The catalog provides a probability that the stars they have selected are actually RR Lyrae.  Define a selector to only choose *high-confidence* RR Lyrae:

### Exercise 2 Tasks:

    
* Compute the absolute r-band magnitude for the high-confidence RR Lyrae using the provided values of distance (in pc) and dust extinction E(B-V) (the `ebv` column).  
    * Use A_r = 2.27, so the extinction correction is $-2.27 \times E(B-V)$ in magnitudes
* Scatter plot the absolute magnitude versus catalog period (`best_period`).  Overplot the period-luminosity relation: $M_r = -1.6 \:\log_{10}(\frac{P}{0.6}) + 0.51$, where $P$ is the period in days.
    * HINT: There are some bad values, be sure to "zoom in" to see the majority of points
* That period-luminosity relationship is not a great fit--the distances in the table were derived from averages over all three ZTF bands.  Fit a new linear period-luminosity relationship to the high-confidence RR Lyrae ([`astropy.modeling`](https://docs.astropy.org/en/stable/modeling/index.html) or [`np.polyfit`](https://numpy.org/doc/stable/reference/generated/numpy.polyfit.html) may be helpful) and overplot it.  
    * HINT: Be sure that the `x` coordinate you fit is the log of the period: $\log_{10}(\frac{P}{0.6})$.

In [58]:
from scipy.optimize import curve_fit

In [62]:
# Get rid of all data with Nan for mean_r 
tbl = tbl.dropna(subset = ['mean_r'])
wgood = tbl['prob_rrl'] > 0.95
# Combine nan mask and wgood mask


#Distance modulus:  m - 5 log(d) + 5 - A = M 
tbl['Mr'] = tbl['mean_r'] - 5*np.log10(tbl['distance']) + 5 - 2.27*tbl['ebv']

# Scatter plot the data
fig = plt.figure()

plt.scatter(tbl[wgood]['best_period'], 
            tbl[wgood]['Mr'], 
            s = 1, 
            alpha = 0.4, 
            label = 'RRL stars',
            c = 'tab:blue')

# Plot the linear relation
time = np.linspace(min(tbl[wgood]['best_period']),
                   max(tbl[wgood]['best_period']),
                   100)
y_fit = -1.6 * np.log10(time/0.6)+ 0.51
plt.plot(time, y_fit, color = 'tab:red', ls = '--', label = 'P-L relation')
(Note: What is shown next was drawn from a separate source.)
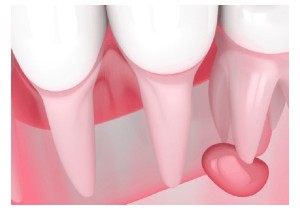 Лечение кисты зуба без удаления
# Find a model that fits better
def model_PL(time, a, c):
    # Return a linear relation like that above: 
    return a * np.log10(time/0.6)+c

p, _ = curve_fit(model_PL, tbl[wgood]['best_period'], tbl[wgood]['Mr'])

# Plot the results of the curve fit
y_optimum_fit = model_PL(time, *p)
plt.plot(time, y_optimum_fit, color = 'tab:orange', ls = '--', label = 'Curve Fit')


plt.gca().invert_yaxis()
plt.semilogx()
plt.xlabel('Log10(period) [days]')
plt.ylabel('M_r')
plt.legend()

<IPython.core.display.Javascript object>

<matplotlib.legend.Legend at 0x7f20a00f0f70>

In [63]:
p

array([-1.86353931,  0.49709249])

## 3. Estimate distance from the Period-Luminosity relation.

Now let's compute the distance our period-luminosity relationship implies for the RR Lyrae in exercise 1.

We will need the E(B-V) value at the source location, which we are providing you:

**E(B-V) = 0.012 mag**

In [70]:
ztf_src_ebv = 0.012

But you *could* programatically get it like this:

In [71]:
# from astroquery.ipac.irsa.irsa_dust import IrsaDust
# from astropy.coordinates import SkyCoord

# ztf_src_sc = SkyCoord(mean_ra, mean_dec, unit='degree')

# ztf_src_ebv = IrsaDust.get_query_table(ztf_src_sc,section='ebv')['ext SFD mean'].value[0]
# ztf_src_ebv

For this exercise:

* Use the period-luminosity relationship and the best-fit period of the source from Exercise 1 to **estimate the  distance in parsecs to our RR Lyr star.**

In [82]:
# Begin by using the period to calculate the absolute magnitude: 
absol_mag = model_PL(1/best_freq.value, *p)

# Next use the distance modulus to calculate the distance to the star using the mean_r magnitude:
#    d= 10**((M - m - 5 + A)/-5)
mean_r = np.mean(ts[wr]['mag'])
d = 10**((absol_mag - mean_r - 5 + 2.27*ztf_src_ebv)/-5)
print(f'The distance is given by {d:0.1f} parcecs')

The distance is given by 18391.5 parcecs